= Problem statement =
Once the line with "Verthara 360° Rotatable" is found in the data, output it and each following line exactly, up to and including the line with "Vintage Gorham Crystal", and nothing before or after.

= Data =
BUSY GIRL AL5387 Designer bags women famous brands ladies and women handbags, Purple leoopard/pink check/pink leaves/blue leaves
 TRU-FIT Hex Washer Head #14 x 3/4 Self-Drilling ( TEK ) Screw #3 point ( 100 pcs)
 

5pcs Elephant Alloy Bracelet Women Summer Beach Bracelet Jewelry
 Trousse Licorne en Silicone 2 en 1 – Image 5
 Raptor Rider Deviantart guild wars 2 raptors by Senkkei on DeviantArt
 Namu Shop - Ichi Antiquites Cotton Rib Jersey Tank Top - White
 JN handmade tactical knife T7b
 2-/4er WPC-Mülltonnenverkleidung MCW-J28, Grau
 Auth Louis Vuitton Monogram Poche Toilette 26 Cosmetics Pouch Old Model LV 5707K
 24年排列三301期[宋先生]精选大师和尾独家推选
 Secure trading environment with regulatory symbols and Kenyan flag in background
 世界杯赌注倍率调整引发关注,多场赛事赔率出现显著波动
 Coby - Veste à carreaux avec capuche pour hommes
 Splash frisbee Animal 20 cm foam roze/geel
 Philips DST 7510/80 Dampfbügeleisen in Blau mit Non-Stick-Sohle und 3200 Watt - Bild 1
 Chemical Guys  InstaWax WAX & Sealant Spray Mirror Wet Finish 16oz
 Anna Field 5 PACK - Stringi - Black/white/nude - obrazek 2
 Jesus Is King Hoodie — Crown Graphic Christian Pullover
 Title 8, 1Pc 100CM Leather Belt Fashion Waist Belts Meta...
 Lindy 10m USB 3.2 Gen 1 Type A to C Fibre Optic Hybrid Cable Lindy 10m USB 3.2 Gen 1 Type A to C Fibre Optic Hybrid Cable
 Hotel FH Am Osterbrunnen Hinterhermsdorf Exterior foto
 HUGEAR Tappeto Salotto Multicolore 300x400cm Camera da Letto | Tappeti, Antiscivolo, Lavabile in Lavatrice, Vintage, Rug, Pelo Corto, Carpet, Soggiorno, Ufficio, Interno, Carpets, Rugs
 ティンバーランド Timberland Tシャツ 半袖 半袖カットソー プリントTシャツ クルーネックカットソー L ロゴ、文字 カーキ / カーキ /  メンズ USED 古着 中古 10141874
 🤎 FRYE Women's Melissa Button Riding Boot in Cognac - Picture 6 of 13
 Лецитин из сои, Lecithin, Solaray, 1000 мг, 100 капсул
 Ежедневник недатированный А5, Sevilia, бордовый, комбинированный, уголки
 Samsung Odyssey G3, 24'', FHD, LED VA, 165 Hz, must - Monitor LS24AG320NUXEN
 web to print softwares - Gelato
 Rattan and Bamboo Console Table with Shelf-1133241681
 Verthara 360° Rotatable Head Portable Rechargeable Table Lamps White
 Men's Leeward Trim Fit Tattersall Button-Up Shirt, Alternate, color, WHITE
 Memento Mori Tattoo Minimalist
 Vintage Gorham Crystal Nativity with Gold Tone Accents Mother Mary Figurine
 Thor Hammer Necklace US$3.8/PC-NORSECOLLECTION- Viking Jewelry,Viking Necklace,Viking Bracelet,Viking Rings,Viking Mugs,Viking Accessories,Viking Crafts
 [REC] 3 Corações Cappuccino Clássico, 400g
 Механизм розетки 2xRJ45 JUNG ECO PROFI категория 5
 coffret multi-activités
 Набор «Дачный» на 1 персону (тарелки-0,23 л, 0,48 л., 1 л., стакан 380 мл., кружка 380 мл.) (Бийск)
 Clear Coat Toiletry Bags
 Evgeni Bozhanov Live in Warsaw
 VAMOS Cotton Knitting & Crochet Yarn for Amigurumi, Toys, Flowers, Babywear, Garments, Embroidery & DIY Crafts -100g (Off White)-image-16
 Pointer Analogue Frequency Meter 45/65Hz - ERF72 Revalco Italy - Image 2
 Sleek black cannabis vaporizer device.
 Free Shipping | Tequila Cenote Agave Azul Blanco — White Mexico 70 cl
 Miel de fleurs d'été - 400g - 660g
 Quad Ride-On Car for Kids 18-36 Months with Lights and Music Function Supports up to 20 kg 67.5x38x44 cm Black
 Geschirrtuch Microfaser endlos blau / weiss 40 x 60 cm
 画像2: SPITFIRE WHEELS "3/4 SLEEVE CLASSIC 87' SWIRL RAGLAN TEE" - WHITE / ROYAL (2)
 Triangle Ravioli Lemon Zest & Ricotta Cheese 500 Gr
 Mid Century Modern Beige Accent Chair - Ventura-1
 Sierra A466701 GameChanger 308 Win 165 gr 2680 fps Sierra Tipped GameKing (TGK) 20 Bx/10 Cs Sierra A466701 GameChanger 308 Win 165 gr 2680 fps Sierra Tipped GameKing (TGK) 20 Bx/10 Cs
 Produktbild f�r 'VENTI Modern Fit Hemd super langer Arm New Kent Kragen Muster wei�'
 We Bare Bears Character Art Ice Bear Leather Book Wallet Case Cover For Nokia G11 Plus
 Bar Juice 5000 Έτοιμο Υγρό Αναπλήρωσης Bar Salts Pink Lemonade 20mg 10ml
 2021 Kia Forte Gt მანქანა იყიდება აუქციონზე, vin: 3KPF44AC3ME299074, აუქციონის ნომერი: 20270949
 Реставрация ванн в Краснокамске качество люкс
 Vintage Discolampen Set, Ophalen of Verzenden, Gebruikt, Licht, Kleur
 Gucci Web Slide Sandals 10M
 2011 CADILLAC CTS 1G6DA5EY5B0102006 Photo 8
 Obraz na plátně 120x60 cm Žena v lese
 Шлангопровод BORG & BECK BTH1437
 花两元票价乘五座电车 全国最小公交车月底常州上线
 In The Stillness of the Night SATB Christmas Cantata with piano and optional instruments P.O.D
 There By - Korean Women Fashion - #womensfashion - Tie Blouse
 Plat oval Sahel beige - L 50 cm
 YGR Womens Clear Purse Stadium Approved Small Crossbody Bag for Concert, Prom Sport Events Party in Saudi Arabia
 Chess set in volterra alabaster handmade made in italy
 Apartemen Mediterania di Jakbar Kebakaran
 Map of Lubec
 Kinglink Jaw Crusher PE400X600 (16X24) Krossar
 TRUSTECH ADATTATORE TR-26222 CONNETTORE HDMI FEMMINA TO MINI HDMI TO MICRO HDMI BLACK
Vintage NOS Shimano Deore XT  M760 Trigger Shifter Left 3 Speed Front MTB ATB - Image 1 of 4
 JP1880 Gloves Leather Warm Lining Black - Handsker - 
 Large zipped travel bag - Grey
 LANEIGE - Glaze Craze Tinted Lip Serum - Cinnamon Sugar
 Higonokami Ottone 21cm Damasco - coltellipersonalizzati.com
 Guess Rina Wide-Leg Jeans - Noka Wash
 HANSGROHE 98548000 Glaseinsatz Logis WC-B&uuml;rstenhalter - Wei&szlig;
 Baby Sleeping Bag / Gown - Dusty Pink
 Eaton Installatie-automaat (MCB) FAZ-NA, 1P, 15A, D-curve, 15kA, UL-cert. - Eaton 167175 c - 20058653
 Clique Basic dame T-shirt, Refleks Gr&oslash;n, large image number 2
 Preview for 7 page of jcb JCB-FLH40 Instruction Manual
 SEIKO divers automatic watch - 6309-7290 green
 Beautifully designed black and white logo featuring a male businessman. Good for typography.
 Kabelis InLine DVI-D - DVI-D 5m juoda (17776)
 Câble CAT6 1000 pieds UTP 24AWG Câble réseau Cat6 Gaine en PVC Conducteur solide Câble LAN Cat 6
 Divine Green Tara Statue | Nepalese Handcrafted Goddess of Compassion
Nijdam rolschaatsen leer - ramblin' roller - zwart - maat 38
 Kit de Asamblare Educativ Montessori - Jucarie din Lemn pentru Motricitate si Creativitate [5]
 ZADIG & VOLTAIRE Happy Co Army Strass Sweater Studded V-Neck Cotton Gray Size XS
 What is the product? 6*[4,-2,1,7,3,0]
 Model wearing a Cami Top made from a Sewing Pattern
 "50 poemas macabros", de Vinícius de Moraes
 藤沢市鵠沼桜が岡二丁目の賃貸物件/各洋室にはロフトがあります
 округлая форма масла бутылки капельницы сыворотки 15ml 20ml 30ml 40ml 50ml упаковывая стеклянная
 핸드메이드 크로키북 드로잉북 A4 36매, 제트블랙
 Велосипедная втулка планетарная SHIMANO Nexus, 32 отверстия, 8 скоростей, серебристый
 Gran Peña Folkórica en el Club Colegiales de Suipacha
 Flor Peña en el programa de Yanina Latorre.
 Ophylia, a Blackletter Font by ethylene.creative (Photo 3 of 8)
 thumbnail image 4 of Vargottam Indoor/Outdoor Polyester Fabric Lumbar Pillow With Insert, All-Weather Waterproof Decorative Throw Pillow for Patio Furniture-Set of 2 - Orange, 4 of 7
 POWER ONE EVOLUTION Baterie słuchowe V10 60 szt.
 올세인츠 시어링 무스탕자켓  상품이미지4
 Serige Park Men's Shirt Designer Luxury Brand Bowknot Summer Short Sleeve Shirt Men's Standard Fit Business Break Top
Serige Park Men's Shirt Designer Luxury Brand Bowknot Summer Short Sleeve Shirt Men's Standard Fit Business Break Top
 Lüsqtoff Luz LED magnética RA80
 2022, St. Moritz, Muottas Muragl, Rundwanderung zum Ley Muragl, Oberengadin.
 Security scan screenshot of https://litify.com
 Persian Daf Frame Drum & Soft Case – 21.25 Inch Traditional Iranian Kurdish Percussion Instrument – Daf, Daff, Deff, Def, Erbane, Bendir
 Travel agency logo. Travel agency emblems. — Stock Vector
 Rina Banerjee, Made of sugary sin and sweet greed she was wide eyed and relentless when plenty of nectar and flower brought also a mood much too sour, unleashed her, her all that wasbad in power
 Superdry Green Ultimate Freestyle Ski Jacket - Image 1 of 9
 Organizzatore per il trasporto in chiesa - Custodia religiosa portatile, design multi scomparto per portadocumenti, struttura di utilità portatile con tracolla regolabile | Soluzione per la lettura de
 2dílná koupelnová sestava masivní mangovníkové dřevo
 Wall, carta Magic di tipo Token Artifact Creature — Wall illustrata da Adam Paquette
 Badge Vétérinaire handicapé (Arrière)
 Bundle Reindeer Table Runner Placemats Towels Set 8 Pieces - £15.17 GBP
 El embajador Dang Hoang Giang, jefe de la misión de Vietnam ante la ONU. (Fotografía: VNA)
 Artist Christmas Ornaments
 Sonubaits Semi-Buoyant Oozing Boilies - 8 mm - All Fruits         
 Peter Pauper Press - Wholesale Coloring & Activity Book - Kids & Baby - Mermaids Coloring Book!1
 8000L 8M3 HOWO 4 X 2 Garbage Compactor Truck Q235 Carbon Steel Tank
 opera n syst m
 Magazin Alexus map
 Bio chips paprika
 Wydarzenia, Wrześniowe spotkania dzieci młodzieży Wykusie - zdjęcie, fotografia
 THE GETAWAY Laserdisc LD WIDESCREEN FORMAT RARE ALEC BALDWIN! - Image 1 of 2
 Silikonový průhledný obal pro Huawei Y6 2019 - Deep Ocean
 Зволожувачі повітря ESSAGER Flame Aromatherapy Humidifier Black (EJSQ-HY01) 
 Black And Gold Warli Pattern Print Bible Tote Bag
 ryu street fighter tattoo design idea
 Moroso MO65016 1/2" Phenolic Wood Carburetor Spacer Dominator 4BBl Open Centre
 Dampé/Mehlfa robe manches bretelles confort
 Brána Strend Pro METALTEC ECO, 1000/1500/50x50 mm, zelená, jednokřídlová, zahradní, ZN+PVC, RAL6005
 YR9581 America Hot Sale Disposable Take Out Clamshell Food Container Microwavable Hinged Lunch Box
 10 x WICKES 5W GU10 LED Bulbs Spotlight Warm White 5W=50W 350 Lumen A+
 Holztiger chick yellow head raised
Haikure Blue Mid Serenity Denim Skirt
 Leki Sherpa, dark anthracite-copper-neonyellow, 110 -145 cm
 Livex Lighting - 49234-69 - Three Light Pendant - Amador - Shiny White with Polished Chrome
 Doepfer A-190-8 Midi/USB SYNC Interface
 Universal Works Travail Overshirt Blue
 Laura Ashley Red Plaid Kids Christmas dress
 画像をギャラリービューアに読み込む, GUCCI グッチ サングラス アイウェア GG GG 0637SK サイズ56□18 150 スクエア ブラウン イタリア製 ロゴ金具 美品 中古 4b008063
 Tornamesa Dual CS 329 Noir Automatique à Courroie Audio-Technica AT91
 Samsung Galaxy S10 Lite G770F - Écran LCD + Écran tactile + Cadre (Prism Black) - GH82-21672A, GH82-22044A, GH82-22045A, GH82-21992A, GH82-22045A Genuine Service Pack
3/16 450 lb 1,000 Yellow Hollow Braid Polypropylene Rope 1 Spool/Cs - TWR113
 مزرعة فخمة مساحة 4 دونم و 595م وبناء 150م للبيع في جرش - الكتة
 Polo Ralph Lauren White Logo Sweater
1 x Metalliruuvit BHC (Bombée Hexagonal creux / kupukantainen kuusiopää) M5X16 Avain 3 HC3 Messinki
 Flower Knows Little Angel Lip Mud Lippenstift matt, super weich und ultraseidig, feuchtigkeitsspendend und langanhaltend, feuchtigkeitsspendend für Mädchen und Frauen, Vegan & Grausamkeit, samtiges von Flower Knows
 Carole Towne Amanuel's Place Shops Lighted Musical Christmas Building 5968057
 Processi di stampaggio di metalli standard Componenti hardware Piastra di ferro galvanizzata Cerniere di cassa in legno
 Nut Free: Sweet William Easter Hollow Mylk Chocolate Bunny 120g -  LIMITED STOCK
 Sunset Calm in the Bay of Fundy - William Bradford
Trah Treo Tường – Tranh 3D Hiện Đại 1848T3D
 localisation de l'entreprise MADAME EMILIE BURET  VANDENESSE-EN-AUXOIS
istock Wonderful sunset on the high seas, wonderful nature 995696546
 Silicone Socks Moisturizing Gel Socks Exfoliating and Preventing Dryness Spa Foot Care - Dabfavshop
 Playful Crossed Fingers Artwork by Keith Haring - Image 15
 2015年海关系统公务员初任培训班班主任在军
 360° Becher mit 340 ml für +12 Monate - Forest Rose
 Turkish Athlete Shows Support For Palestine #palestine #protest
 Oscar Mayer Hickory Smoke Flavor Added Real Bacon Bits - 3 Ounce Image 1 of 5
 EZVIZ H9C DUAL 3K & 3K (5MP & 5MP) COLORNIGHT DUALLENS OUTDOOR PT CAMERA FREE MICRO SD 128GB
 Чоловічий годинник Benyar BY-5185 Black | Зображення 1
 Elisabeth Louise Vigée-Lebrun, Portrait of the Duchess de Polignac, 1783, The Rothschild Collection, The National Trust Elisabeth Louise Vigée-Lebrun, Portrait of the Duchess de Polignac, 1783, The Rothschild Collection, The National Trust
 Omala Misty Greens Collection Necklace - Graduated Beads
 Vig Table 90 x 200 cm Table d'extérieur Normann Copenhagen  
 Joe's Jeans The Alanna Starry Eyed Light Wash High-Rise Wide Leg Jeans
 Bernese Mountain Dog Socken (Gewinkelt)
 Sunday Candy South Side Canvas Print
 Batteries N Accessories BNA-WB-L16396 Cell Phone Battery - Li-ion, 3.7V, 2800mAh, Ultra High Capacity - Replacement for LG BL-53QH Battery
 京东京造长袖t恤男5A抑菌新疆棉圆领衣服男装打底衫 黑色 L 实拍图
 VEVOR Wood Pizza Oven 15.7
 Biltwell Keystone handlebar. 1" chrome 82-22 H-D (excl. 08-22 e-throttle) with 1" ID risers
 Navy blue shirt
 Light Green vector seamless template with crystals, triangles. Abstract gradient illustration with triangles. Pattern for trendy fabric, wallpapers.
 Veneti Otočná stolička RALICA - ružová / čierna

= Output =
 Verthara 360° Rotatable Head Portable Rechargeable Table Lamps White
 Men's Leeward Trim Fit Tattersall Button-Up Shirt, Alternate, color, WHITE
 Memento Mori Tattoo Minimalist
 Vintage Gorham Crystal Nativity with Gold Tone Accents Mother Mary Figurine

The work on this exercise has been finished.